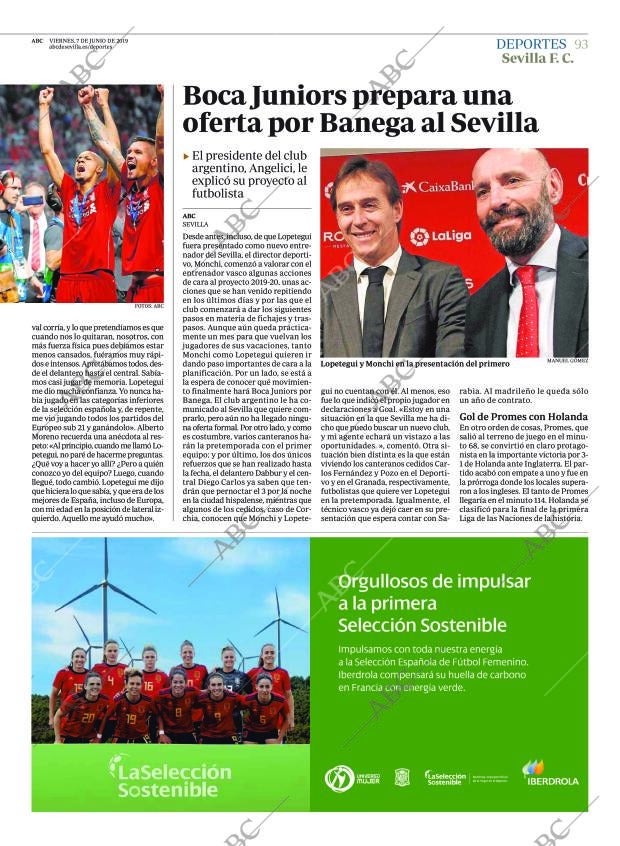 ABC SEVILLA 07-06-2019 página 93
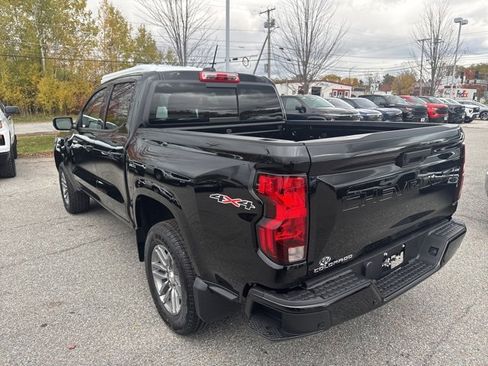 New 2026 Chevrolet Colorado LT image 4
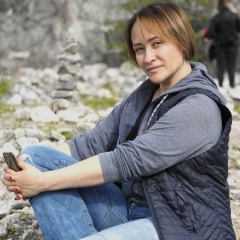 Оксана Петрухина, 02.01, Санкт-Петербург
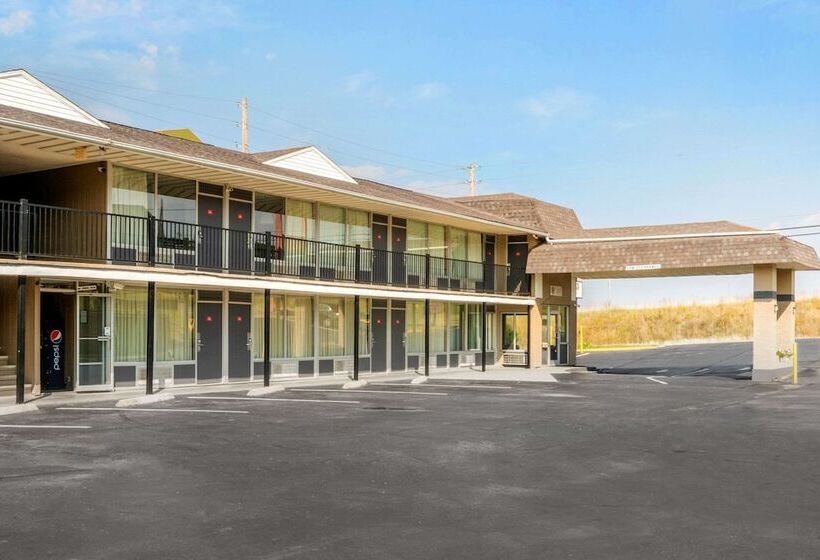 酒店 Econo Lodge Near Missouri University Of Science And Technology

▸ **REQUIREMENT**
Do not include the images; transcribe the rest of the listing exactly.

▸ **RESULT**
 ABC SEVILLA 07-06-2019 página 93
 New 2026 Chevrolet Colorado LT image 4
 Оксана Петрухина, 02.01, Санкт-Петербург
 酒店 Econo Lodge Near Missouri University Of Science And Technology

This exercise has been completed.